Bestiary is updated! Added a whole section of giants, and a number of new creatures, including winter wolves, hellhounds, stirges (both minions and swarm), scarabs, skeletons, will o' wisps, and some giant beetles! I plan to continue updating the bestiary over the next few weeks, including sections for golems, demons, and (finally) dragons!

12 hours ago, Direach said:

Bestiary is updated! Added a whole section of giants, and a number of new creatures, including winter wolves, hellhounds, stirges (both minions and swarm), scarabs, skeletons, will o' wisps, and some giant beetles! I plan to continue updating the bestiary over the next few weeks, including sections for golems, demons, and (finally) dragons!

awesome!
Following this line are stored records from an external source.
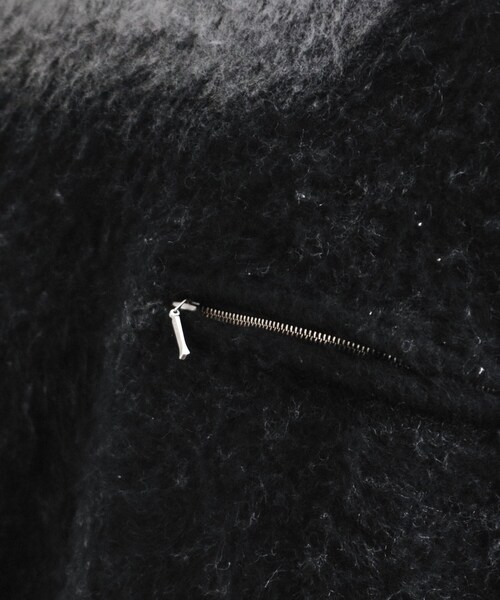 tk.TAKEO KIKUCHI（ティーケータケオキクチ）の「グラデーションニット（ニット/セーター・メンズ・ブラック/ブラウン系その他/グレー・02/03/04）」の11枚目の写真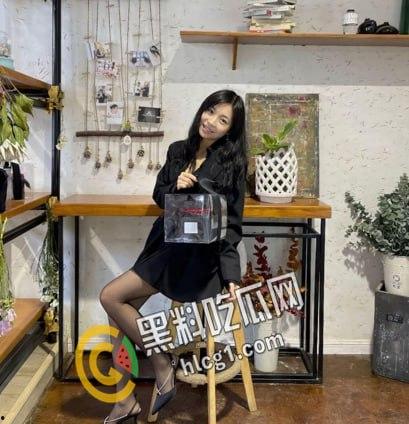 白金泄密真实健身达人 有纹身验明正身 被土豪带到五星级酒店自己的豪宅露脸啪啪性爱!-3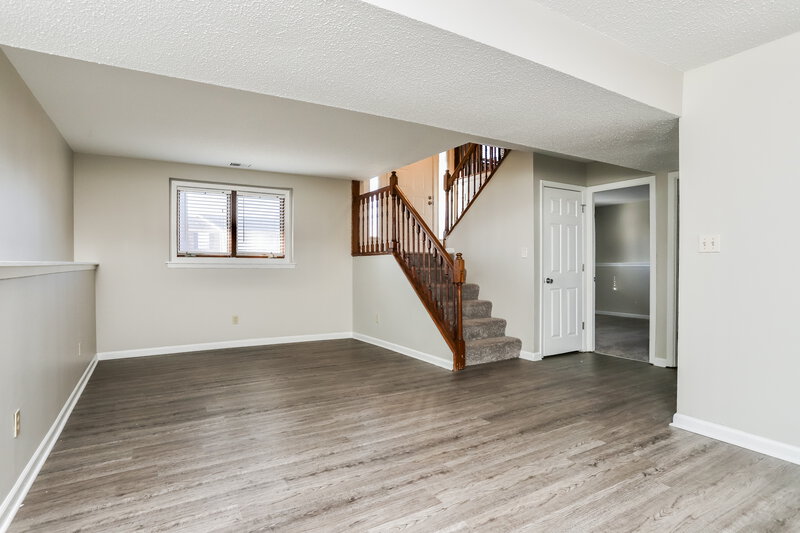 1,887/Mo, 1253 Advance Dr Florissant, MO 63031 Misc View 10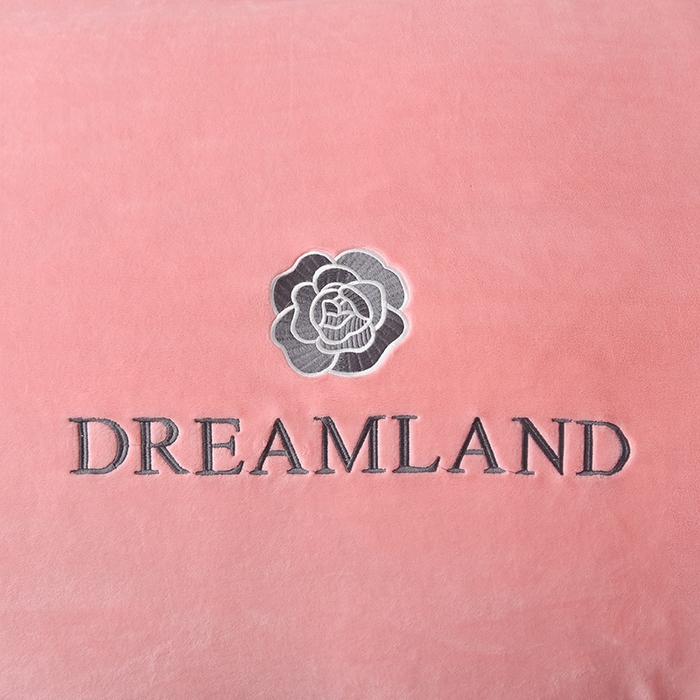 91家纺网 家纺一手货源 找家纺 云恋家纺 2025新款加厚刺绣牛奶绒四件套--梦想款 梦想-粉色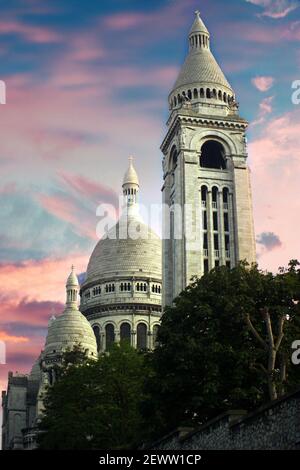 Die Basilika des Heiligen Herzens von Paris, allgemein bekannt als Sacré-Cœur Basilika und oft einfach Sacré-Cœur, Basilika in Paris, Frankreich. Stockfoto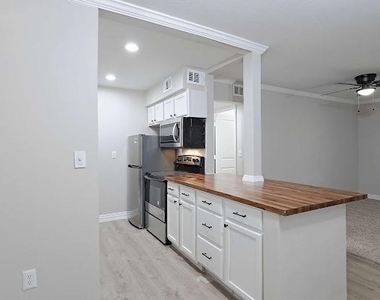 132 Oyster Creek Drive - Photo Thumbnail 1
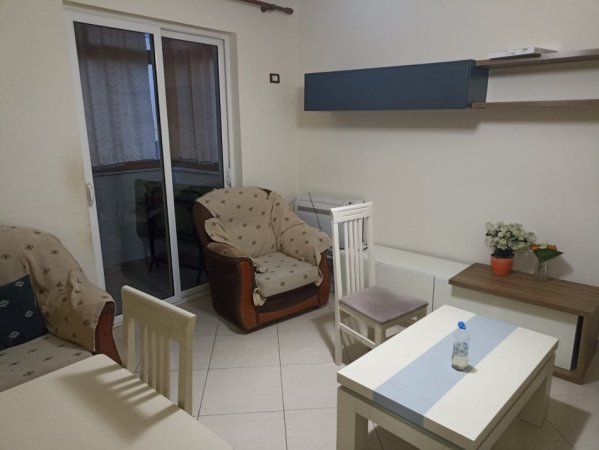 Librazhd, shitet apartament 1+1+Ballkon Kati 4, 62.000 € (Lagja 1 pallati 89)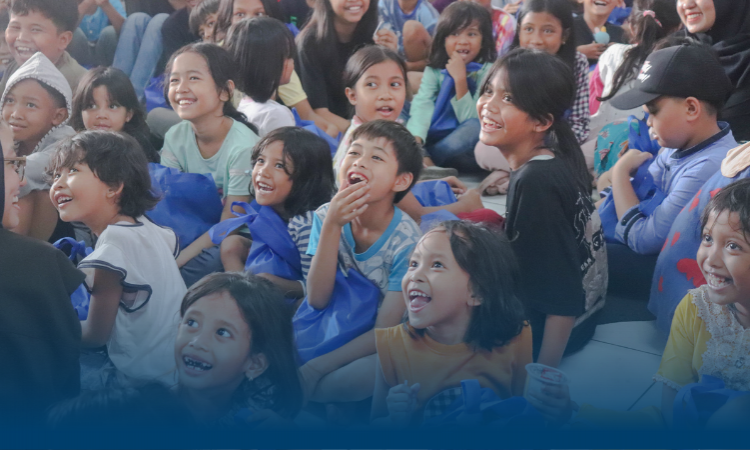 Bermain Bersama Anak-Anak Terdampak Kebarakan Manggarai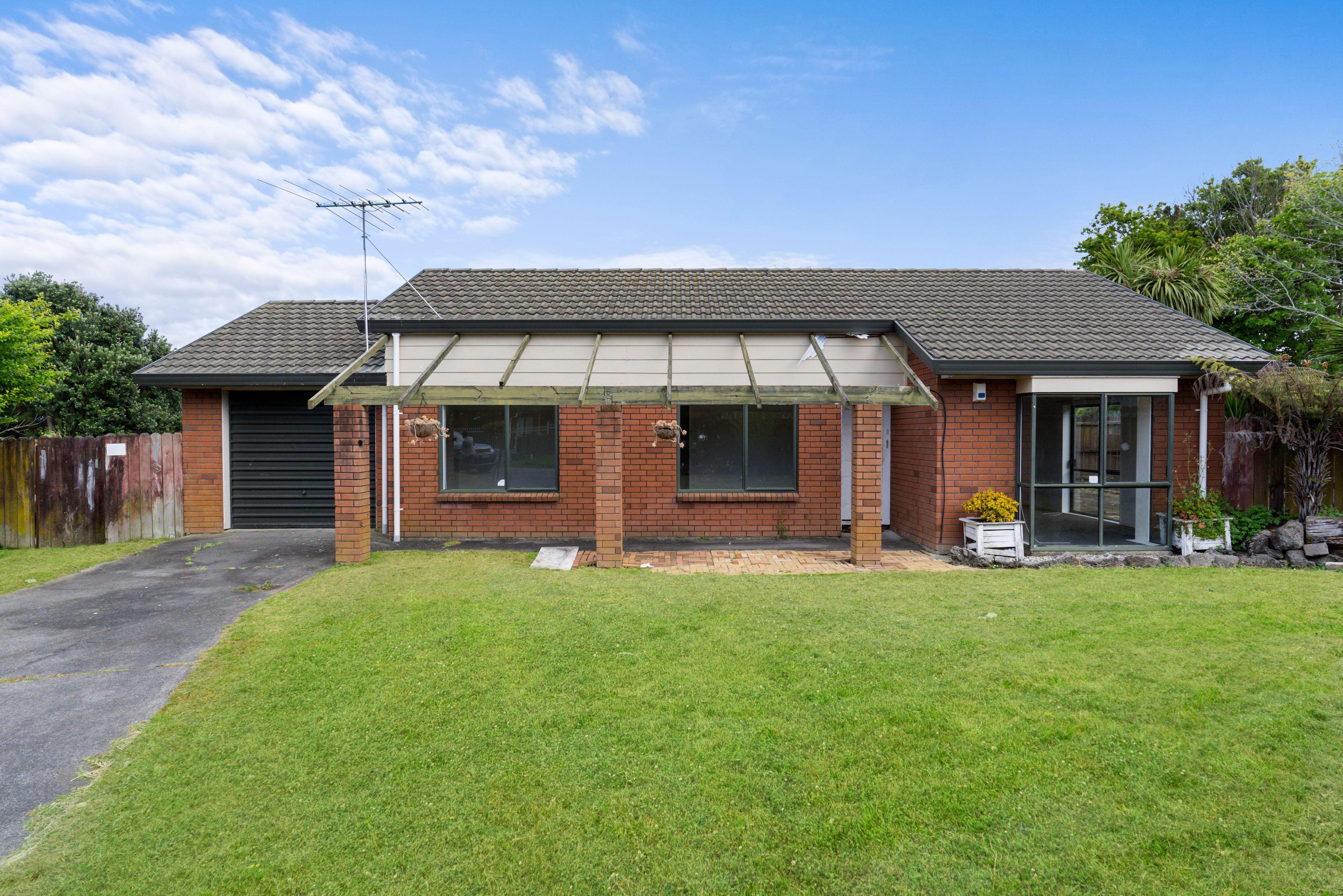 15 Horlicks Place, Randwick Park, Manukau City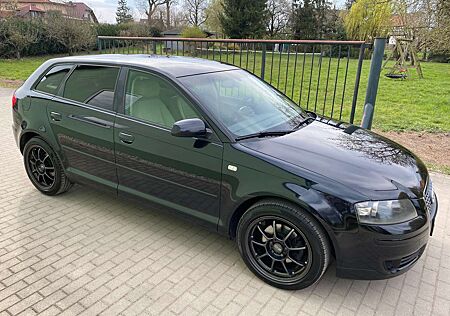 Audi A3 2.0 FSI Ambiente*Klima*AHK*Alu*Scheckheft*Gepflegt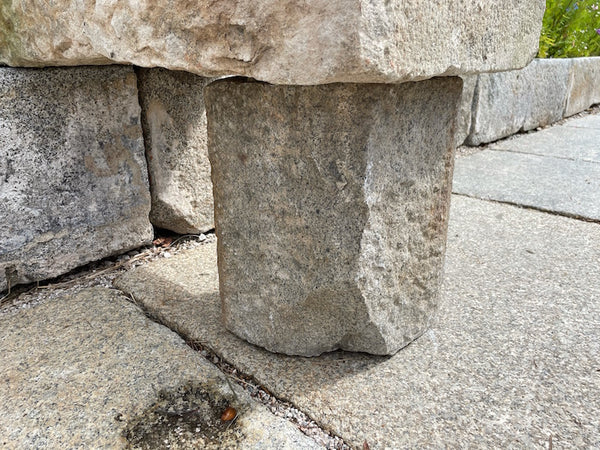 Oberfläche Natursteinbrunnen Garten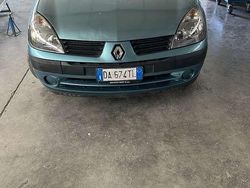 Usata 2006 Renault Clio II Tre volumi | 1200 € (Buon prezzo)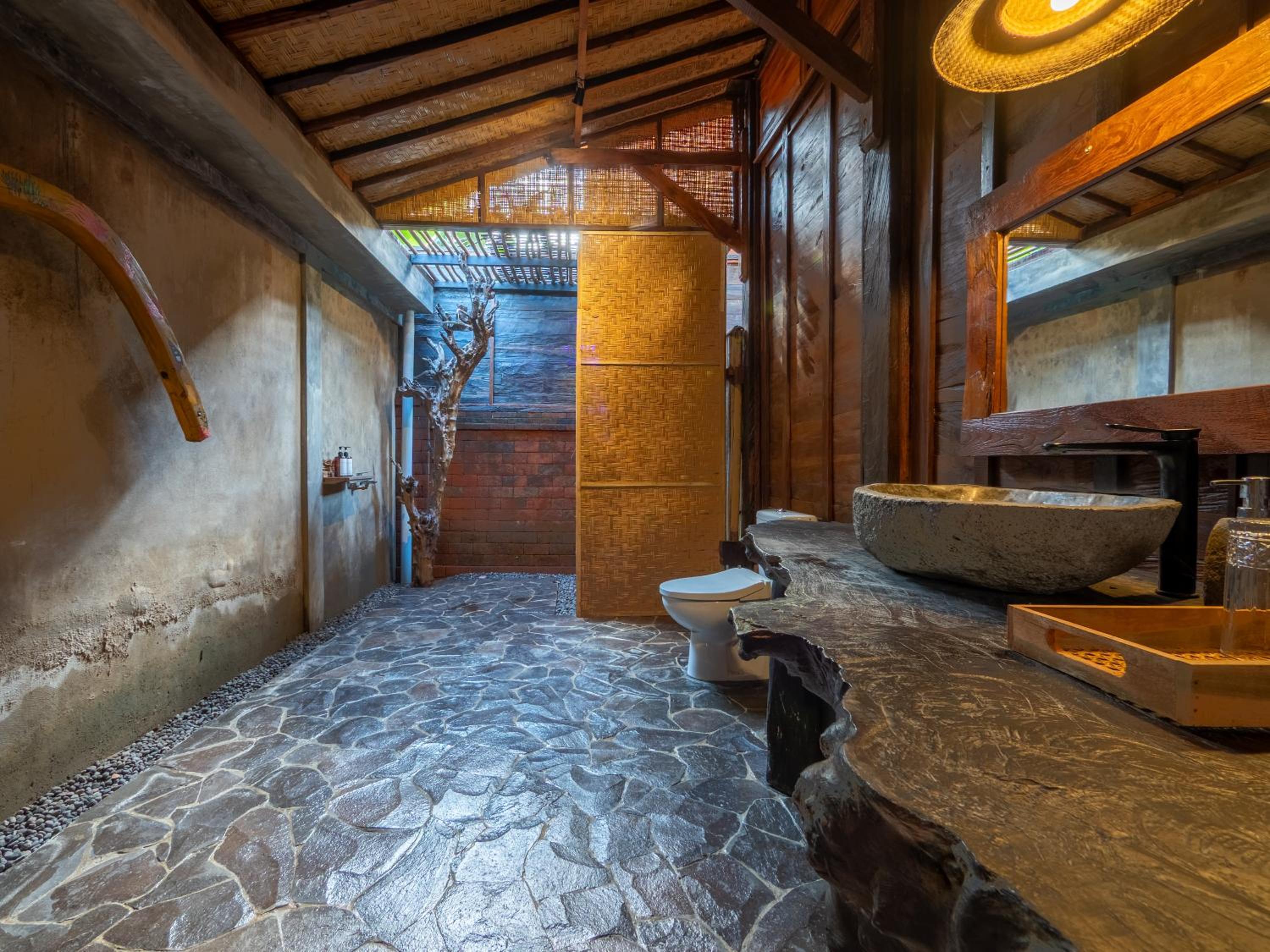 Aruna Jayanti Villa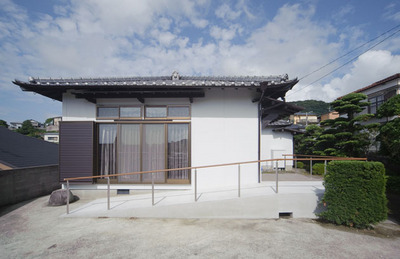 ゆるやかなスロープで、車イスもラクに室内へ出入りできます。 ゆるやかなスロープで、車イスもラクに室内へ出入りできます。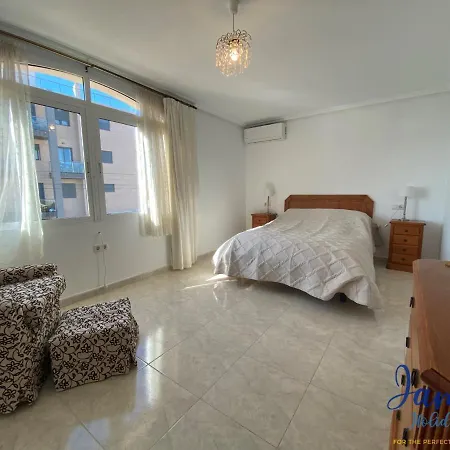 Superb 3 Bed Pool/beachside Punta Prima Pp22 וילה טורבייחה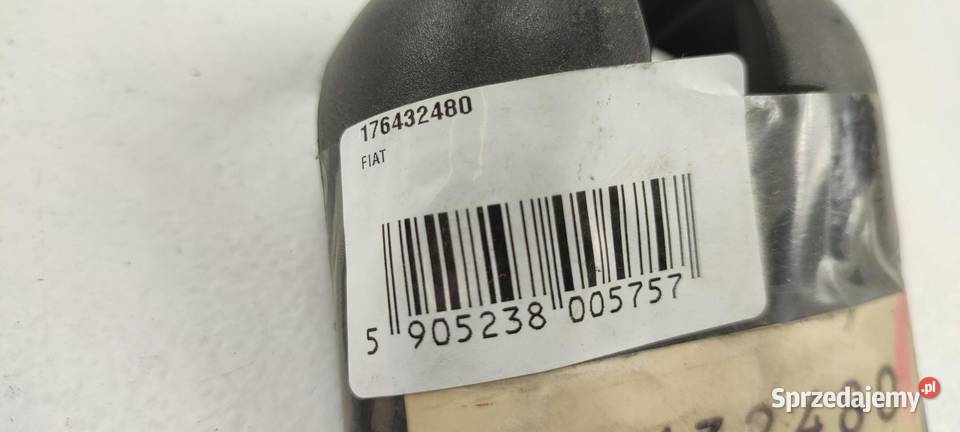 BLENDA OSŁONY TYLNEGO SIEDZENIA FIAT CROMA 1996 Motoryzacja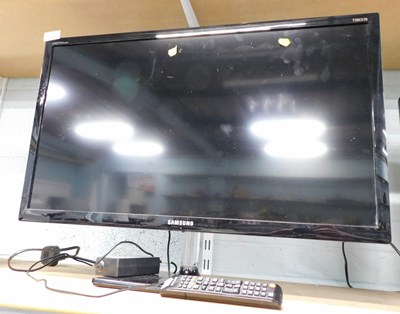 Lot 2003 - A Samsung 28" television, model number T28C570,...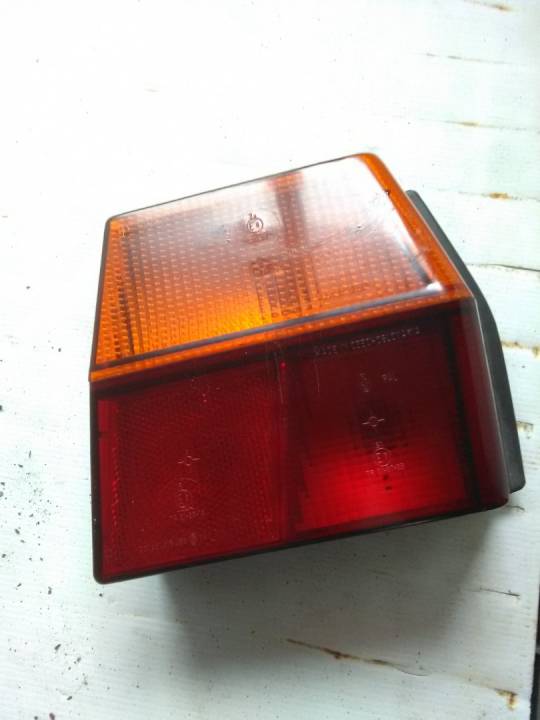 Pravá zadní lampa - ŠKODA - FAVORIT (781)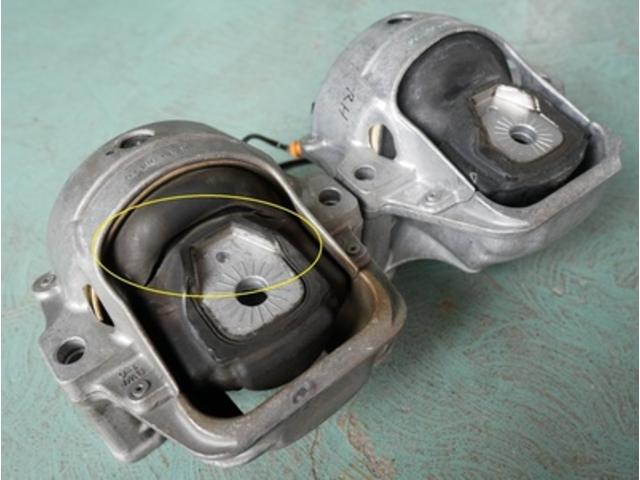 アウディ　A4　エンジンマウント交換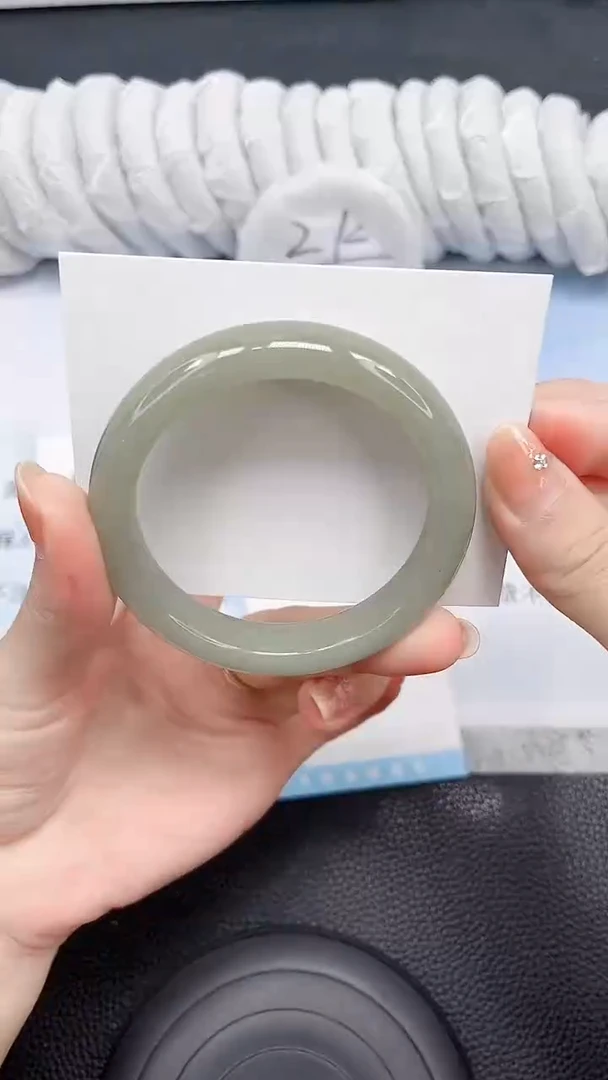 石英质玉手镯未镶嵌10-57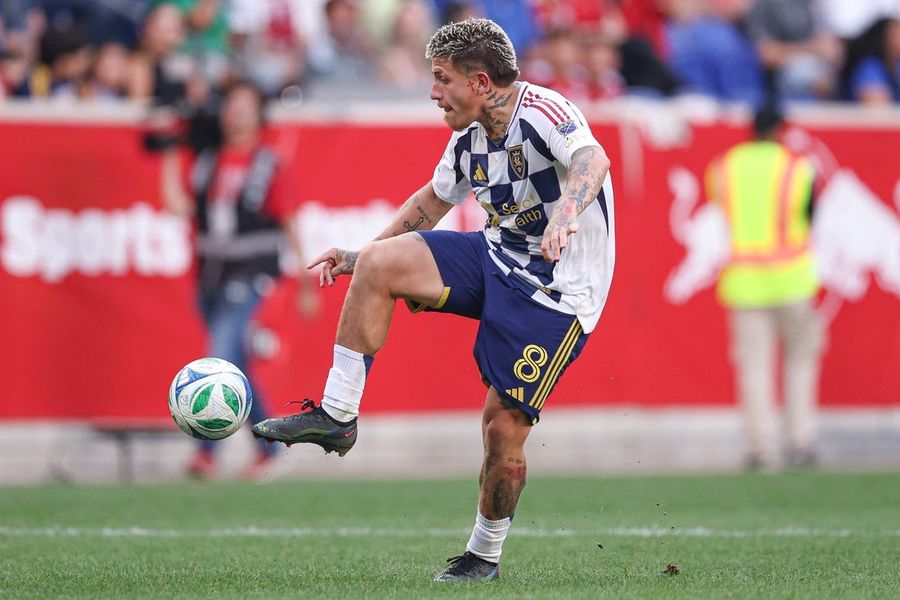 Minnesota United acquire M Peter Stroud from Red Bulls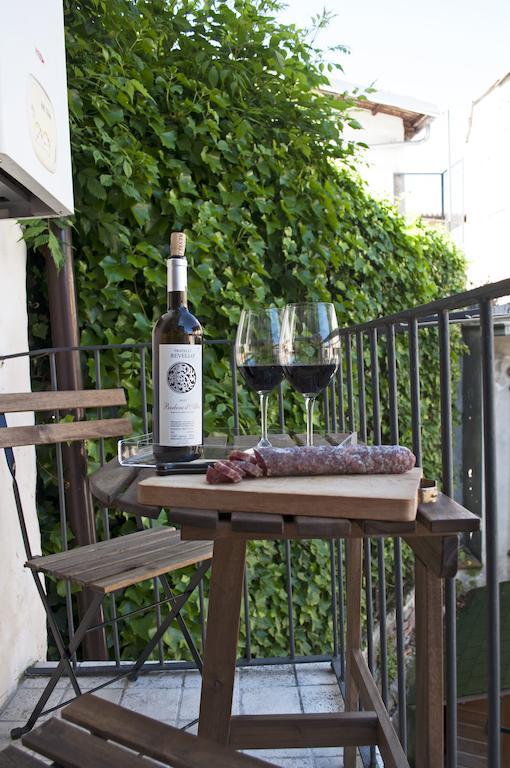 Di-Vinodormire La Morra Extérieur photo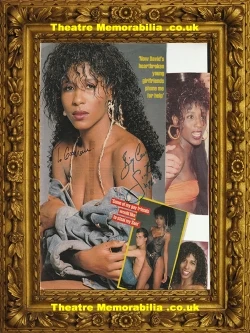 Sinitta signed magazine picture page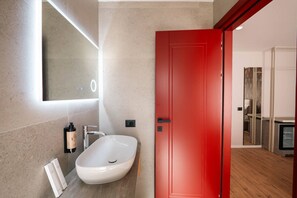 Bathroom - Ermes Deluxe Double Room with French Balcony (Durrës)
Just in time for my game tomorrow :)

I have PDF skills, if you need attractive layout and formatting.

6 hours ago, lecudas said:

I have PDF skills, if you need attractive layout and formatting.

It's still a continuing work in progress, and I'm in a mood to do a bunch of work on it, so a PDF would have to be updated constantly. Me personally, I don't really care much about the formatting as long as it's legible, but if you want to spruce it up, I'd be glad to put a PDF of it in the folder as well!

Bestiary/Creature Catalogue is updated with golems, chimera, gargoyles, vampires, a reanimated hand, the dreaded hullathoin, and some minor tweaks to formatting and a few existing entries. Plus a note at the top about Apex Nemeses, the worst of the worst. More to come soon!